Microarray analysis using WebArray can be executed in three steps: 1) uploading and managing files; 2) selecting datasets and methods for analysis; 3) browsing results. Partial web page for dual color array data analysis is shown in Figure . A help document is available online with detailed annotation of all functions of WebArray.
Snapshot of WebArray web page for dual color array data analysis.
As the first step for analysis, users need to upload their microarray intensity files, gene list file and others. The files will be deleted from the server six months after submitting. Users can view and manually delete these files, as well. WebArray requires the following files for analysis; 1) Intensity files. Text files exported by a variety of image analysis programs such as Affymetrix, Agilent, ArrayVision, Genepix, ImaGene, QuantArray, SMD and SPOT. Files exported from other programs have to be uploaded in a specified format; 2) Targets file. A tab-delimited text file listing the targets hybridized to each channel of each array; 3) Gene list file, such as gene allocation list (GAL) file. A specified format is acceptable too; 4) Design file. A tab-delimited text file containing design matrix for linear model; 5) Spot type file (STF). STF is used to distinguish different types of spots from the gene list using regular expression, including control spots, positive and negative controls; 6) Genome/chromosome location file. A tab-delimited text file containing array spots sorted by genome/chromosome location information; 7) control genes file. A text file containing housekeeping gene's printing order index for composite normalization. Intensity files are required for all analysis, a gene list file is required for dual color array data analysis and all other files are optional.
In the "submit requests" page, users can select data for analysis from their own uploaded files. WebArray includes most of the functions limma provided, such as spot quality weight, background subtraction, normalization and empirical Bayes statistical analysis. In addition, principal component analysis assisted normalization method is incorporated [7
], FDR can be estimated using SPLOSH, and chromosomal mapping will be plotted if desired.
The limma package uses linear models to analyze designed microarray experiments. For Affymetrix array data and simple dual color experiments, such as two-sample comparison with switching dye or two-sample comparison with common reference, users can specify the design just by selecting sample types in the columns corresponding to each microarray intensity file. For multi-sample comparisons or complicated experiment design, users need more statistical knowledge for the creation of design matrix and contrast matrix.
WebArray allows the user to name a request, otherwise a name will be assigned automatically. Submitted requests will be put on a waiting list. The page for results allows users to browse their own list of requests. Requests can be edited or removed. Since computation with microarray data usually involves huge data sets, it may take a few minutes to complete a computation. For data sets with within-array duplicates the process will take much longer time, maybe hours.
The output files include tab-delimited text files and graphic plots that can be downloaded separately or viewed online. All the files are archived in one ZIP file and are available for download as well.

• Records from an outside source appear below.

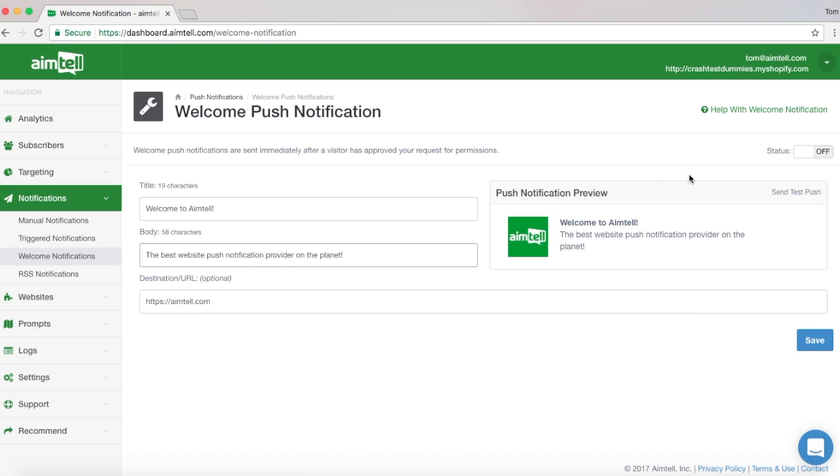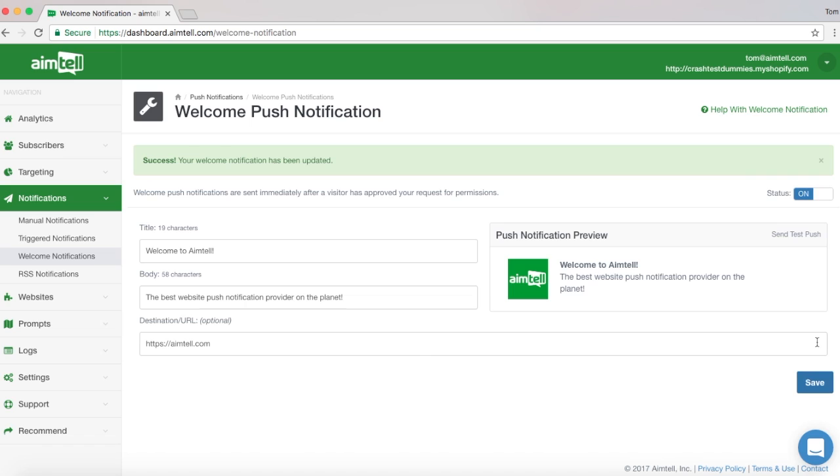Now click the Status toggle on the top right of the screen to enable the campaign, and then hit the Save button at the bottom of the page. Your welcome push notification will start sending immediately to each new visitor that agrees to become your subscriber.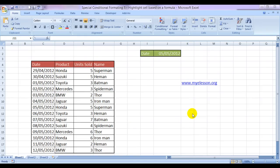Hello everybody and welcome to my e-lesson. I'm your guru and today I'm going to tell you how to do special conditional formatting wherein we would highlight a cell based on a formula.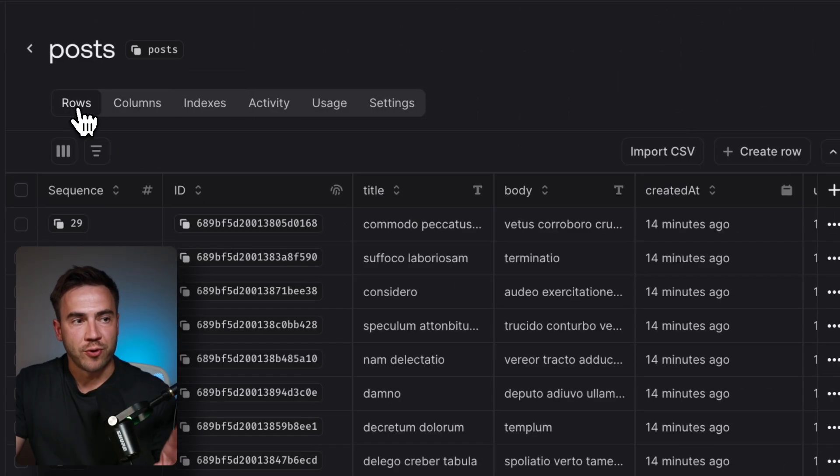That pretty much does it for the new UI. If you've used AppRite's database before, you know what an improvement this is. It's way more intuitive, being able to edit things in line, not have to go through nested pages. The terminology, I think, is going to be a massive improvement. We're no longer confusing people with documents and collections. I'm super excited for you all to try this out. If you've tried it, leave me a comment down in the comment section. I would love to hear your experience.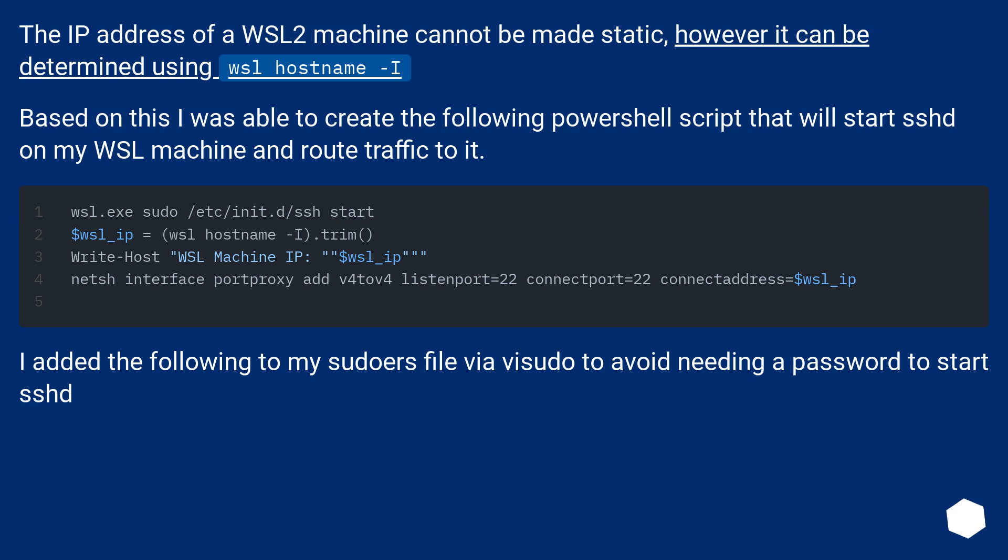Based on this I was able to create the following PowerShell script that will start SSHD on my WSL machine and route traffic to it. I added the following to my sudoers file via visudo to avoid needing a password to start SSHD.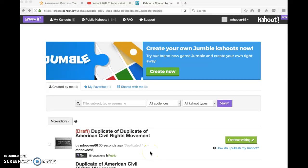This short tutorial will show you quickly how to get the URL or link to copy into Desire2Learn in order to submit your Kahoot quiz.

Based on the options of analysis, the text file may contain the gene information, M (log2 ratio), moderated t and its corresponding p-value, B statistics, FDR, FP (false positive), FN (false negative) and CGH fitted value. The table of genes can be either unranked or ranked by M, p value or B statistics. Graphic plots include array image plots, density plots, histogram, RNA degradation plot, M-A plot for each array (before and after within-array normalization), printtiploess plot for each array, box plot (before and after between-array normalization), chromosomal location mapping plots where M is plotted against chromosomal location and results plot that includes M-A plot, M-B plot, M histogram and B statistics histogram (see Figure ).
Figure 4 Statistical analysis result plot. Result plot includes M-A plot, M-B plot, M histogram and B statistics histogram. M: the log-differential expression ratio. A: the log-intensity of the spot, a measure of overall brightness of the spot. B: B statistics, (more ...)
While more sophisticated programs are available commercially, WebArray represents an excellent free open source software for microarray analysis that can be used by an average biologist after moderate training. To help biologists to understand the underlying statistics methods, we provide detailed explanations and references for most WebArray functions in the help document.